Pocos, frente a la muerte de un amigo, tienen el frío “coraje” existencialista de Simone de Beauvoir cuando despide a Sartre diciendo: “Su muerte nos separa. Mi muerte no nos unirá. Así es: ya fue hermoso que nuestras vidas hayan podido estar de acuerdo durante tanto tiempo”. En verdad, tras la muerte de un amigo, como a San Agustín, raro nos parece “que el resto de los mortales siguiera viviendo”.

Por eso, el duelo comienza terminadas las exequias, como nos recuerda Leon Wieseltier: “Es cuando los demás se van, cuando los espectadores se marchan y se han ido los que daban consuelo, cuando empiezan los silenciosos estragos de la pena. Y luego uno aprende, en su desolación, no los límites de la pena sino los límites del solaz. Si el consuelo es difícil, quizá es porque la consolación es imposible. Cuando una persona muere el mundo cambia, de una vez para siempre, para todos aquellos con quienes, de cerca o de lejos, vivía. El mundo es la gente con quien uno pasa por el mundo”.

Y enfatiza: “El exceso de duelo no es nuestro problema. Podemos contar de todos modos con el mundo para distraernos de ello. Pero quizá a lo máximo que podamos aspirar sean los respiros. No hay nada temporal en el luto: es una visión esencial de una característica esencial de la vida humana. Puesto que lo efímero es permanente, también lo es la pena. Podemos apartarla, podemos diversificarla con emociones más elevadas que nos garantizan ingredientes más ligeros, pero nunca está equivocada. La tristeza encaja con el sabio.
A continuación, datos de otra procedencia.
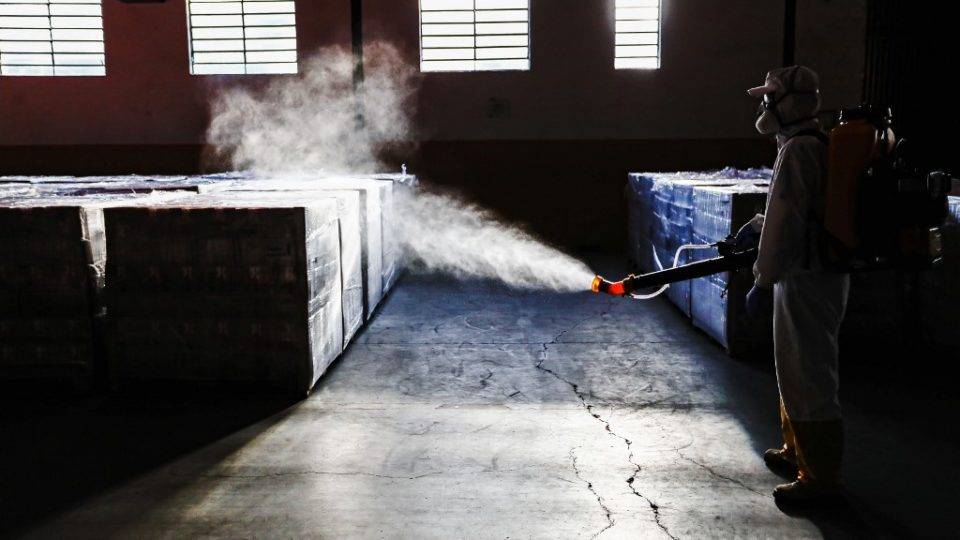 O difícil caminho de retorno à normalidade Um trabalhador desinfeta suprimentos em um armazém municipal em Curitiba, em 19 de junho de 2020.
Cualquiera que haya amado alguna vez puede hablar a favor del desconsuelo”.

Sin embargo, aunque Wieseltier lo descarte como simples “fantasías de resurrección”, para los cristianos, el consuelo, ante la muerte de nuestros amigos y ante la nuestra por venir, es la fe y la esperanza de que “aquél que ha resucitado a Cristo de entre los muertos dará también vida a nuestros cuerpos mortales por su Espíritu que habita en nosotros” (Romanos 8:11).

¡Descanse en paz mi querido enllave!